● What this task involves
For the data below, report the number of lines that contain the string "welcome" and nothing else.

[Recorded data]
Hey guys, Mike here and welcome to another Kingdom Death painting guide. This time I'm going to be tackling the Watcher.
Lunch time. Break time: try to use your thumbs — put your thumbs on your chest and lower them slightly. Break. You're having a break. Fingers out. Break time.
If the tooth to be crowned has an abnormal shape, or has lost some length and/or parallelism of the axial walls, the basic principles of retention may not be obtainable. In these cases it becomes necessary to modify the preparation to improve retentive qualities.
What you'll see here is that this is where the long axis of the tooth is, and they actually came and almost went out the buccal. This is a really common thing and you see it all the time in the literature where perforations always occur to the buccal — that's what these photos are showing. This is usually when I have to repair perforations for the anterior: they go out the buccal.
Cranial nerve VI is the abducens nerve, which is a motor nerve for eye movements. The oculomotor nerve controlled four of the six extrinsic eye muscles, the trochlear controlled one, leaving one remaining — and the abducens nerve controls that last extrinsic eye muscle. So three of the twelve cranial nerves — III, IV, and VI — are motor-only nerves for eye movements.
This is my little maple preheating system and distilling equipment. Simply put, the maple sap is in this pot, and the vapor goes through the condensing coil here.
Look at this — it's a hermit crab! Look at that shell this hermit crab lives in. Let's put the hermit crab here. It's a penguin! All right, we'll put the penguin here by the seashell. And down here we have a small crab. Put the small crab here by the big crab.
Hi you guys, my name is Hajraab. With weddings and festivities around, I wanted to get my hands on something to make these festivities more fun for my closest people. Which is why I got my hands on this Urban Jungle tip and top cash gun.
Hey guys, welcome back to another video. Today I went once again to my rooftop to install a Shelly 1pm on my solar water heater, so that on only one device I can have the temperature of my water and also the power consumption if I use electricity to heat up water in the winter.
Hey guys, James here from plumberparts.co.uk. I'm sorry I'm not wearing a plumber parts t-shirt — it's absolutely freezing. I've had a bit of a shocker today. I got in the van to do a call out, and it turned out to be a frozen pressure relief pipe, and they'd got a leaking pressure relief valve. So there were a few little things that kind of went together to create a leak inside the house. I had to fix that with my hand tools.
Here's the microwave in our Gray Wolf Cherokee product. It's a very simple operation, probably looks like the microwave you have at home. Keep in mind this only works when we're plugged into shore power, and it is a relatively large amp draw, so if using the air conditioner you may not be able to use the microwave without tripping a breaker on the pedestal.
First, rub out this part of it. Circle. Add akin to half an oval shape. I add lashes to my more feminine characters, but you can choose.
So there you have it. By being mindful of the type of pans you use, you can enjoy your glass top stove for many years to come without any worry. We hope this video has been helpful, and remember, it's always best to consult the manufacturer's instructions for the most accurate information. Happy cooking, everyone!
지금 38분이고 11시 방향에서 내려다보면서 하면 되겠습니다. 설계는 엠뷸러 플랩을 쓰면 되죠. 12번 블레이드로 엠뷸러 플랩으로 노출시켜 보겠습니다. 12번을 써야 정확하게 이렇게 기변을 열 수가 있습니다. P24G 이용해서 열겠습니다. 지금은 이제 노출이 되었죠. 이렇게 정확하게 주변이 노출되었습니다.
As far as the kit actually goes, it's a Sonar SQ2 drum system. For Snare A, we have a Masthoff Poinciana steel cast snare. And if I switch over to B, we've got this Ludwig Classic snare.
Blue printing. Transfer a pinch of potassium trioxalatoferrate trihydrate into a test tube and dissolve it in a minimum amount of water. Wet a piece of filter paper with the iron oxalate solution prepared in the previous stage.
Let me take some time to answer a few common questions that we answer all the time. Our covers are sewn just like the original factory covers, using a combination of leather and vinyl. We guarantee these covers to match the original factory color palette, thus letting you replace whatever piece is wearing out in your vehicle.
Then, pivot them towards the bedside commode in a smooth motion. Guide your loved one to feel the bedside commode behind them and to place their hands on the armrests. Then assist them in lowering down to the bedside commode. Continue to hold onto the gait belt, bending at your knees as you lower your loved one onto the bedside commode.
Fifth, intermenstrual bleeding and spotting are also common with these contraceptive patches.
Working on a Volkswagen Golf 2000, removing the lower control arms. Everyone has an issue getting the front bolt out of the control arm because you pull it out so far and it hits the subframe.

● Your response
2